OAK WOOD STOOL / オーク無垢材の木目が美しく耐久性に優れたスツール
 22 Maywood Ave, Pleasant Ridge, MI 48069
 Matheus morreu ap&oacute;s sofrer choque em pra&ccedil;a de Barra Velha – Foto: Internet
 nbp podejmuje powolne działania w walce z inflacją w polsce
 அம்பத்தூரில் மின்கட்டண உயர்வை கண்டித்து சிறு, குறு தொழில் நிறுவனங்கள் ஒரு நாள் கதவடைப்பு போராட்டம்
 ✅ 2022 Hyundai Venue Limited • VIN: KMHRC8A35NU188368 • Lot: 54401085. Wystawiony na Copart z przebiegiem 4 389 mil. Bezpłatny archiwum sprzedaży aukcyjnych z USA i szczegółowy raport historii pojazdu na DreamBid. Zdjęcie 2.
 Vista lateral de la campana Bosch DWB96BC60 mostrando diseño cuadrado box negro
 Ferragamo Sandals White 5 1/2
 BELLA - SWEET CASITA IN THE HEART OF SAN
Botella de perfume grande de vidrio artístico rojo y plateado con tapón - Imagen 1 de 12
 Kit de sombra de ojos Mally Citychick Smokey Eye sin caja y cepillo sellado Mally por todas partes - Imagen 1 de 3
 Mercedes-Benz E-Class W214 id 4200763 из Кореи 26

» What the exercise asks:
Your task is to gather all lines from the entries above that hold the word "Imagen".

» Written solution:
Botella de perfume grande de vidrio artístico rojo y plateado con tapón - Imagen 1 de 12
 Kit de sombra de ojos Mally Citychick Smokey Eye sin caja y cepillo sellado Mally por todas partes - Imagen 1 de 3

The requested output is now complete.